Now you should have an error-free, standards triggering page that will render correctly in IE.

But to eliminate any nasty surprises at launch, always check your page. If you are on a Mac, IE NetRenderer is a useful resource, though it doesn’t seem to work for all sites. If IE NetRenderer comes up blank, try browsershots. It’s slow to render, but always gives results.

But for “Internet Explorer Testing Done Right,” try Parallels, which allows you to run Windows from OS X without rebooting.

Using these tools, you can be certain that all is running well in Internet Explorer land.

Glad it worked :). You’re welcome.

@spdorsey - I don’t have a membership with lynda.com - is the video you refer to free or members-only? Could you perhaps provide a link?

@ryanreese - Sorry, guess I didn’t make myself clear. I understand, of course, that increasing the width of an element can cause a float to drop if there’s not enough horizontal space in the container to accommodate both. My question had more to do with why only IE6 stretches the parent element. From what happened here, it appears that the more standards-compliant (i.e., non-IE6) browsers do not allow the width of a child element to “stretch” the parent if the parent has a defined width, whereas IE6 does allow this.
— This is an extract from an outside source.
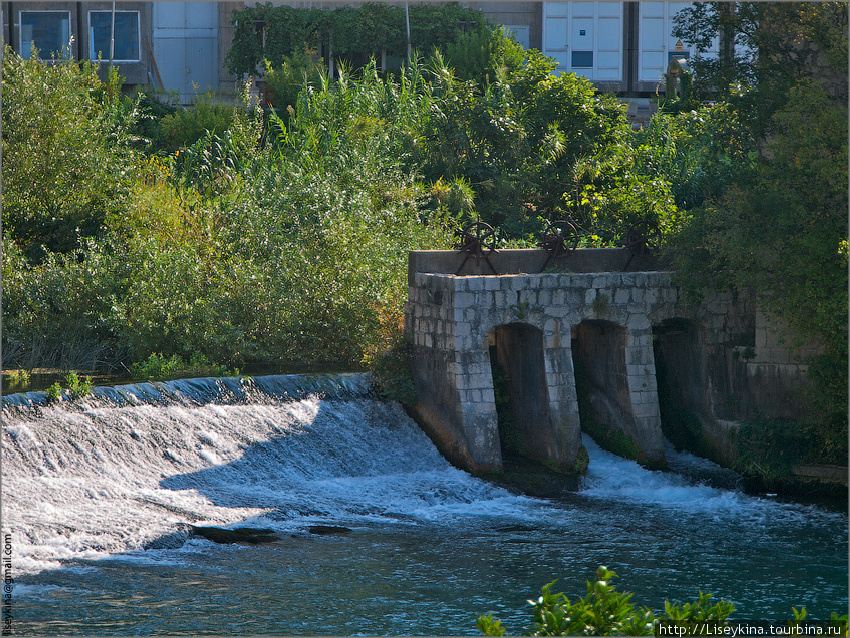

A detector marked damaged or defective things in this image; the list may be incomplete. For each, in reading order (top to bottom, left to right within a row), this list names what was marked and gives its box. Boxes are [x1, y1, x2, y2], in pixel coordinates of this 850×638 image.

Thank you both for taking a look at this. That was an easy fix, I think I have been staring at code for too long!

I have another question (more CSS-fundamentals and not a code fix request) - I’ll ask it in another forum post.

Thanks again,

-----------S

A doctype without a URI isn’t a full doctype and will cause quirks mode, but I’d love to see a case where a fulldoctype triggers quirks mode (it’s the actual trigger, there are ways to get quirks mode with full doctypes)

It’s an expanding box problem. I’ll try to be fast…late for work

Anyway, so since the parent is 440px, anything over that in IE6 will stretch the parents width, thus increasing the overall width of the element so it can accomodate.

Increased width=float drop. I have to leave. If you are still confused someone else can jump in

I just took a look at the lynda.com CSS training movies. I’ve been coding for years (off and on), and I’m way out of practice (last site I coded was for MSIE 5) so I watched the movies and they helped refresh my memory a lot.

They had a GREAT segment on doctypes and MSIE quirks mode. They way they explained it, it all made a LOT of sense. If I had not seen that, I think I would be in a lot more trouble than I’m in today. :slight_smile:

According to the w3C, MSIE6 is down to about 7% share. At my old company, we would not start ignoring browsers until they hit 5%. We’re getting closer!!

Thanks

---------S

I think the problem might be in your DOCTYPE declaration. Internet Explorer has a “quirks mode” that is sometimes triggered by the DOCTYPE, and it causes the CSS box model to render differently than in other browsers. It includes padding and border in the width, instead of adding them on. This could be causing your main container to render too narrow, so that your catalog and graphic divs won’t fit side by side.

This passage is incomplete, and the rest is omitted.